The U.S. Treasury has frozen $344 million in cryptocurrency allegedly tied to Iran’s Islamic Revolutionary Guard Corps (IRGC) and Hizballah, according to an April 24 announcement. The action, carried out through the Office of Foreign Assets Control (OFAC), sanctioned specific crypto wallets on the Tron blockchain, marking another escalation in the U.S.’s financial pressure campaign against Tehran.
Treasury Secretary Scott Bessent stated via social media that the effort is part of a broader strategy to “systematically degrade Tehran’s ability to generate, move, and repatriate funds.” This freeze also follows recent reports of Iran using Bitcoin (BTC) to charge tolls for ships passing through the Strait of Hormuz, an oil shipping chokepoint, further illustrating how digital assets are becoming a tool in geopolitical conflicts.

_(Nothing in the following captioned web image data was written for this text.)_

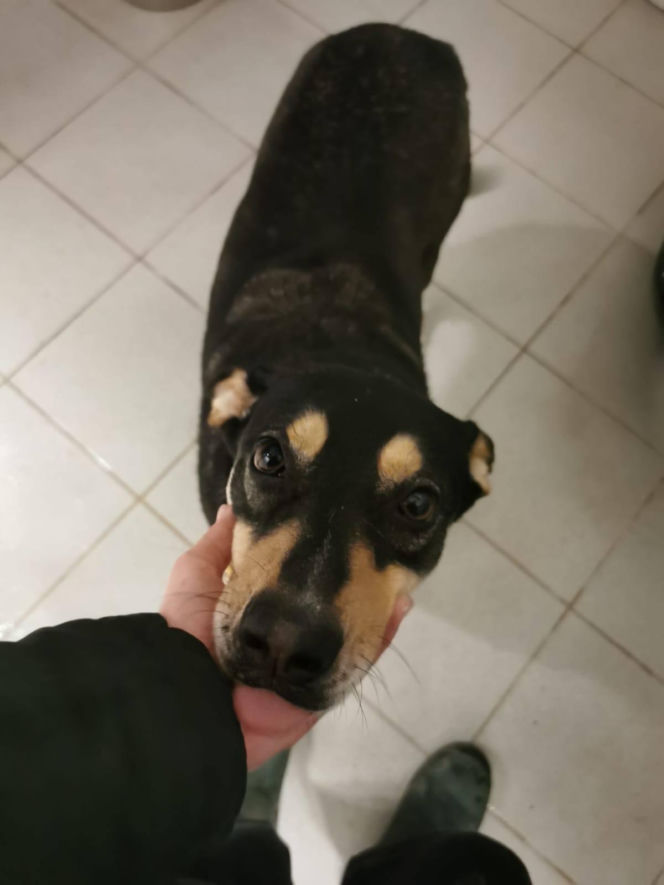 Interwencja w Sobolewie. Wrocławskie schronisko przyjęło 10 psów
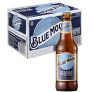 Blue Moon, Cerveza Artesanal de Estilo Belgian White – 24 Botellas de 330 ml – Total: 7920 ml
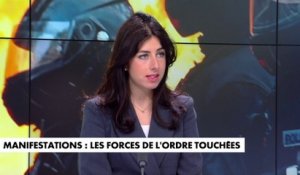 Shannon Seban : «N'allons pas essayer de monter en épingle une certaine scénarisation des violences»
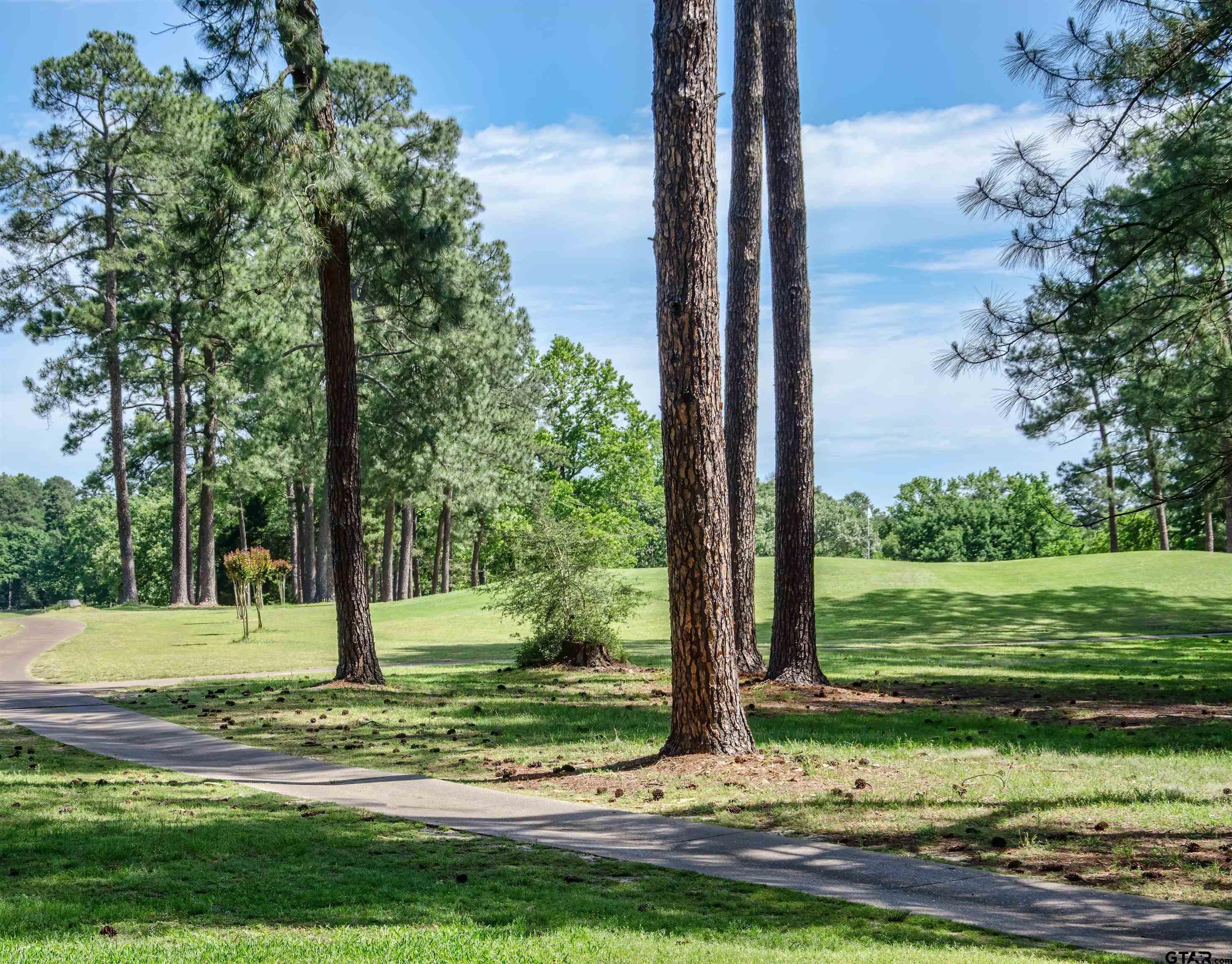 175 Old Gate Path Holly Lake Ranch, TX 75755 - Photo 27 of 28
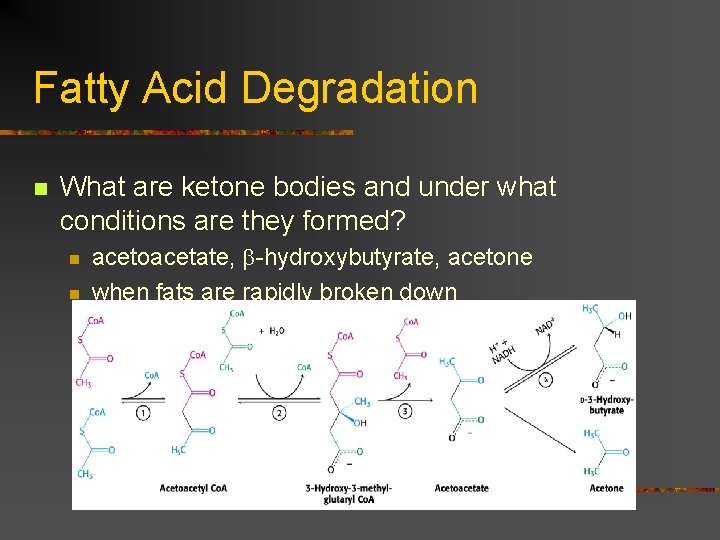 Fatty Acid Degradation n What are ketone bodies and under what conditions are they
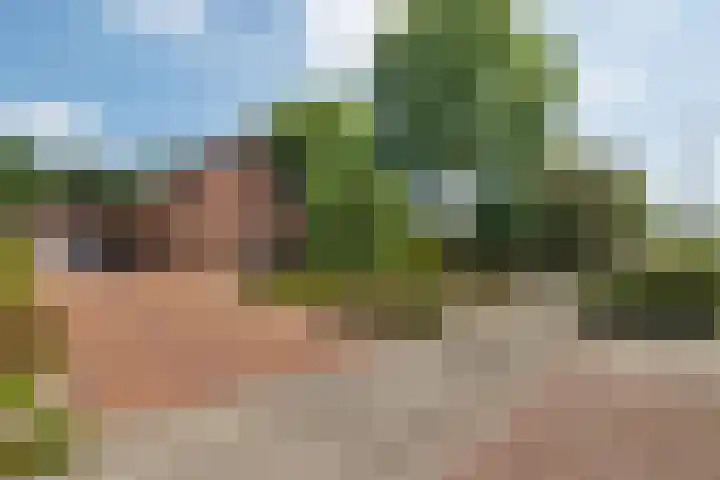 Exloërkijl-Zuid 71 B 2e Exloërmond thumbnail 34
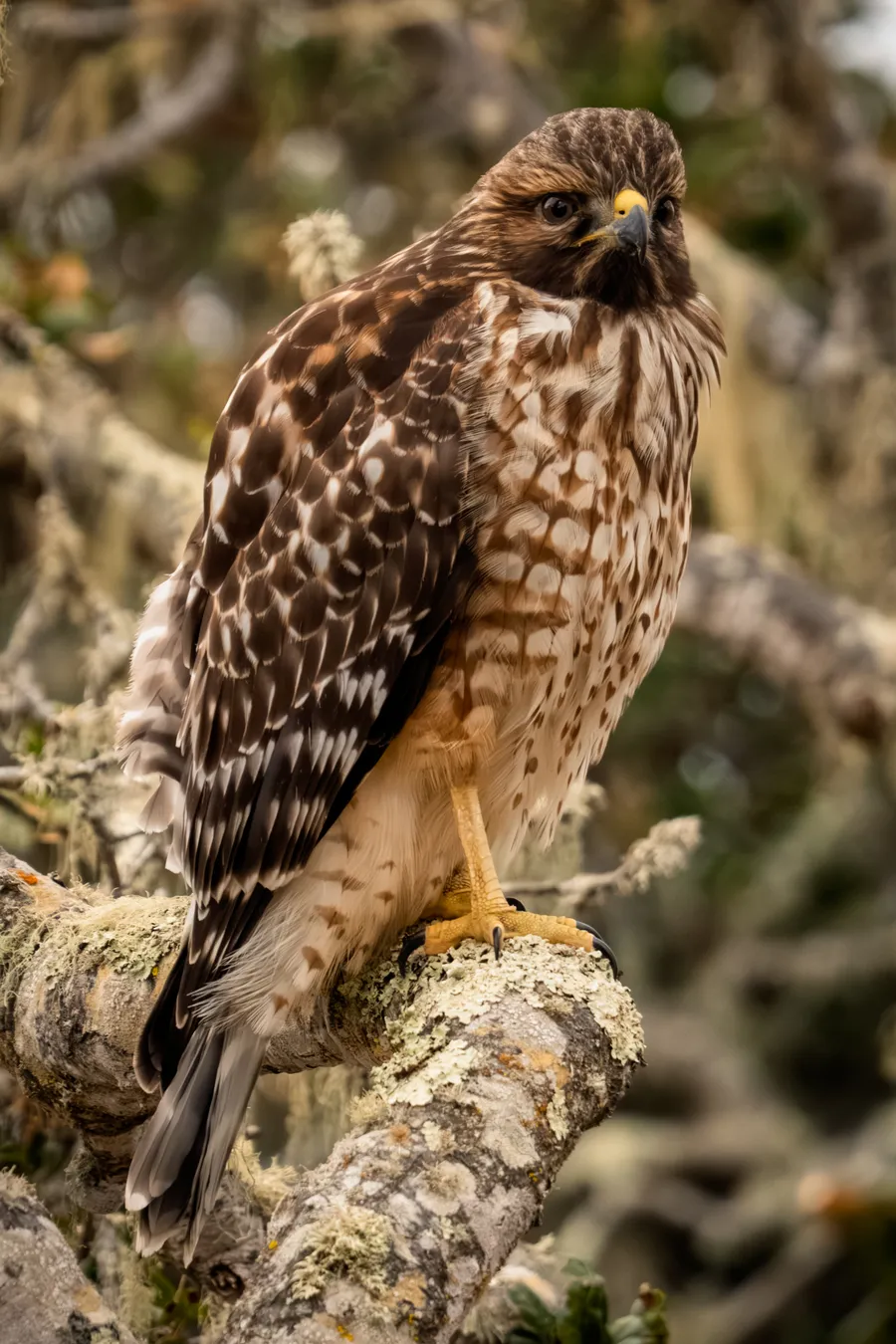 A Red-Tailed Hawk perched in a tree.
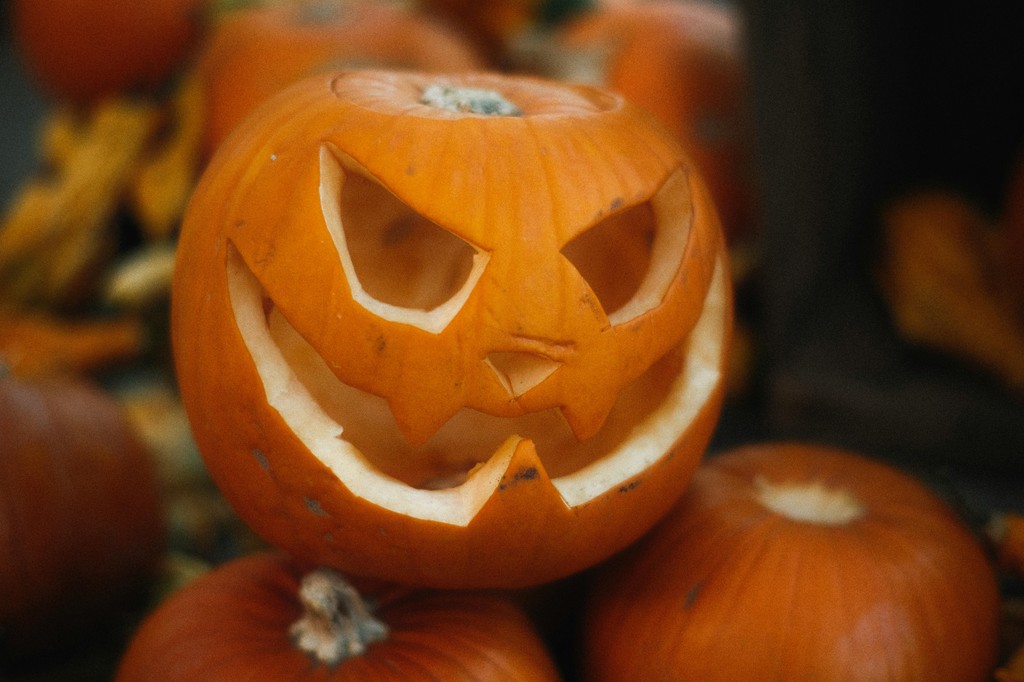 FalveyLibrary's tweet image. With Halloween approaching, our newest Cat in the Stax blog post explores the Irish myth that inspired the tradition of carving pumpkins!

#novanation #falveylibrary #halloween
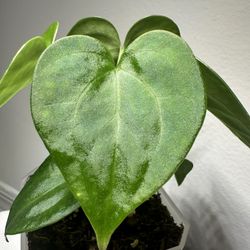 Double Headed Anthurium King Of Clarinervium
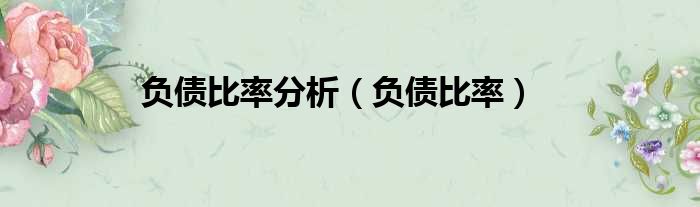 负债比率分析 负债比率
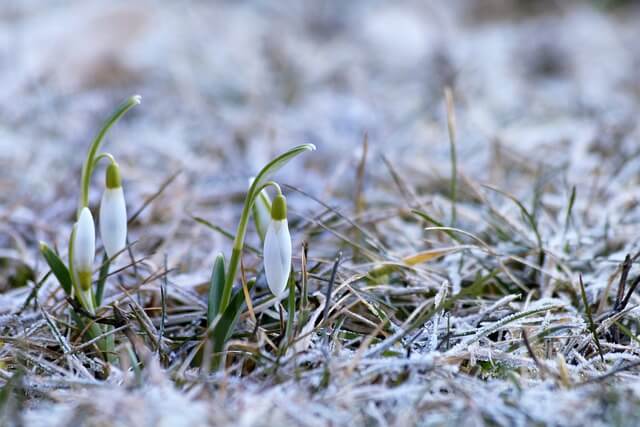 Snowdrops growing in frosty grass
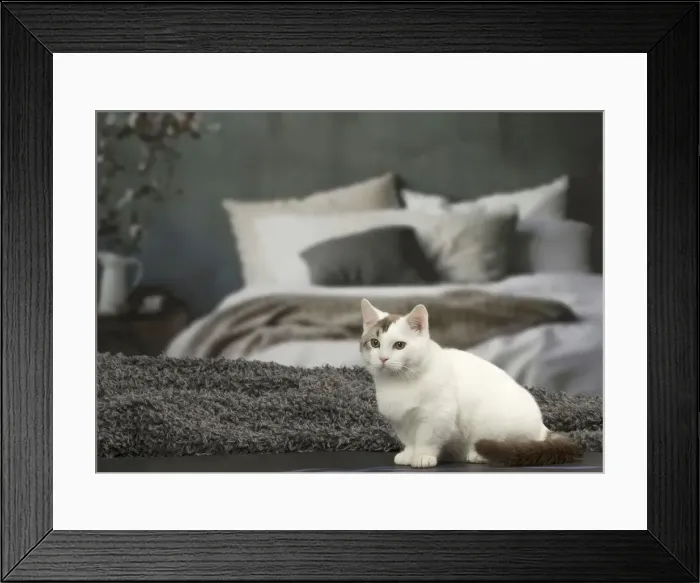 Framed Print : Picture No. 12010103 Framed Print : Picture No. 12010103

OFAC’s Growing Focus on Crypto
The sanctions are the latest in a series of U.S. actions targeting Iranian-linked crypto networks. Back in January 2026, OFAC sanctioned two UK-registered exchanges, Zedcex and Zedxion, for processing billions in transactions allegedly tied to the IRGC. These sanctions marked a shift from targeting individual wallets to blacklisting entire exchange platforms suspected of facilitating illicit activity.
Friday’s freeze also involved stablecoin issuer Tether, which confirmed it had acted at the request of U.S. authorities to block $344 million in USDT transactions. Although Tether’s initial statement didn’t explicitly name Iran, it aligns with the Treasury’s broader strategy, informally referred to as ‘Economic Fury,’ to disrupt Iran’s financial operations globally.
What’s at Stake?
The use of cryptocurrencies by sanctioned entities like the IRGC highlights why regulators are increasingly scrutinizing the role of digital assets in evading traditional financial controls. Unlike hawala networks or gold, crypto offers programmability and cross-border fluidity, making it a preferred choice for circumventing sanctions.
Blockchain analytics firms, such as Chainalysis and Elliptic, continue to play a critical role in tracing the movement of these funds. Their tools allow authorities to identify wallet clusters and map complex financial flows, enabling targeted actions like Friday’s freeze. For crypto investors, such measures underscore the importance of compliance and due diligence, especially when operating on platforms with lax controls.
Geopolitical Tensions Fuel Crypto Use
The timing of the sanctions is notable. It comes amid heightened tensions in the Strait of Hormuz, where Iran has reportedly begun collecting tolls from ships in Bitcoin. Combined with recent U.S.-Israeli airstrikes on Iranian targets, this paints a picture of escalating financial and military conflicts. While U.S. officials announced a ceasefire agreement earlier this week, the region remains volatile, with reports of Iranian attacks on maritime vessels and U.S. naval blockades in place.
For market participants, these developments could have broader implications for stablecoin liquidity and the reputation of blockchain networks like Tron, which hosted the sanctioned wallets. Any perception of increased regulatory risk may prompt traders to reassess their exposure to these assets and platforms.
Looking Ahead
With these latest sanctions, the U.S. has demonstrated its commitment to expanding enforcement into the crypto space. As Iran appears to be leaning further into digital assets as a workaround for sanctions, expect OFAC and other agencies to ramp up blockchain analytics and enforcement actions. For traders, staying ahead of regulatory developments is crucial, especially as geopolitical tensions continue to impact both the crypto markets and broader financial systems.